Fig. 3 Translay scheme of feeder protection

The secondaries of the two relays are connected to each other using pilot wires. The connection

is such that the voltages induced in the two secondaries oppose each other. The copper coils are

used to compensate the effect of pilot wire capacitance currents and unbalance between two

currents transformers.

Under normal operating conditions, the current at the two ends of the feeder is same. The

primaries of the two relays carry the same currents inducing the same voltage in the secondaries. As

these two voltages are in opposition, no current flows through the two secondaries circuits and no

torque is exerted on the discs of both the relays.

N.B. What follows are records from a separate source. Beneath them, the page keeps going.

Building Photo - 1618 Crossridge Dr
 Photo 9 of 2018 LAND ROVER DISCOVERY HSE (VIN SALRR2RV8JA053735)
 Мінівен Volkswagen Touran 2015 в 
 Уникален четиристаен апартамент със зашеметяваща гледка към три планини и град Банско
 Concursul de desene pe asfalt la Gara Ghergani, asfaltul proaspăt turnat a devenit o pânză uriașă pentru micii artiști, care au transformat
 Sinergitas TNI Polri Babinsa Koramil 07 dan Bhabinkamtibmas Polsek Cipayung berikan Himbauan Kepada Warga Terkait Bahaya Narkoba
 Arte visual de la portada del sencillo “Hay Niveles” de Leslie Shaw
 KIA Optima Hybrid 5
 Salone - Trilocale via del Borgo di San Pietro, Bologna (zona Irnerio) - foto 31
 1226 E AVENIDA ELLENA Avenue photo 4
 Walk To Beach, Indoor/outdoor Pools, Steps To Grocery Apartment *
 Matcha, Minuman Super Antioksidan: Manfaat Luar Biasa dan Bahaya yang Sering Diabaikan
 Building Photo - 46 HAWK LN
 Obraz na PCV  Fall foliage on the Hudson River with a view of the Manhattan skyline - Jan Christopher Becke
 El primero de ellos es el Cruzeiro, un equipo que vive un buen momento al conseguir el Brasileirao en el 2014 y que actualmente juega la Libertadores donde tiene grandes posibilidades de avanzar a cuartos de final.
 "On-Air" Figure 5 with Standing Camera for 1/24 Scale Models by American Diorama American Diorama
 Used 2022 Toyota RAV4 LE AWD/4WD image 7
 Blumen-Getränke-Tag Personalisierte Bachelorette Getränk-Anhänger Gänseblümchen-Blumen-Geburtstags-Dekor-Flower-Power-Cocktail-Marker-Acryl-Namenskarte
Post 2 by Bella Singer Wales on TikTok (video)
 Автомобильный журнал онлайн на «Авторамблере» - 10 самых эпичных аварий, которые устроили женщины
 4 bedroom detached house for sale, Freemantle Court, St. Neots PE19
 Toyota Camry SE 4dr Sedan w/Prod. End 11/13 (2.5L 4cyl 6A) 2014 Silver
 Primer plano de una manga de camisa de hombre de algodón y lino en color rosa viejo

When the fault occurs, the currents at the two ends of the feeder are different. Hence unequal

voltages are induced in the secondaries. Hence the circulating current flows in the secondary circuit

causing torque to be exerted on the disc of each relay. But as the secondaries are in opposition,

hence torque in one relay operates so as to close the trip circuit while in other relay the torque just

holds the movement in unoperated position. The care is taken that at least one relay operates under

the fault condition.

Role of copper ring : Mainly relays may operate because of unbalance in the current

transformers. The copper rings are so adjusted that the torque due to current induced in the copper

ring due to primary winding of relay is restraining and do not allow the disc to rotate. It is adjusted

just to neutralise the effect of unbalance between current transformers. The copper rings also

neutralise the effect of pilot capacitive currents. Though the feeder current is same at two ends, the

pilot capacitive currents may allow in the pilots. This current leads the secondary voltage by 90o. The

copper rings are adjusted such that no torque is exerted on the disc, due to such capacitive pilot

currents, by adjusting the angle between the induced current in the disc and secondary current to be

90o.

The advantages of this scheme are,

1. Only two pilot wires are required.

2. The cost is very low.

3. The current transformers with normal design can be employed.

4. The capacitive effects of pilot wire currents do not affect the operation of the relays.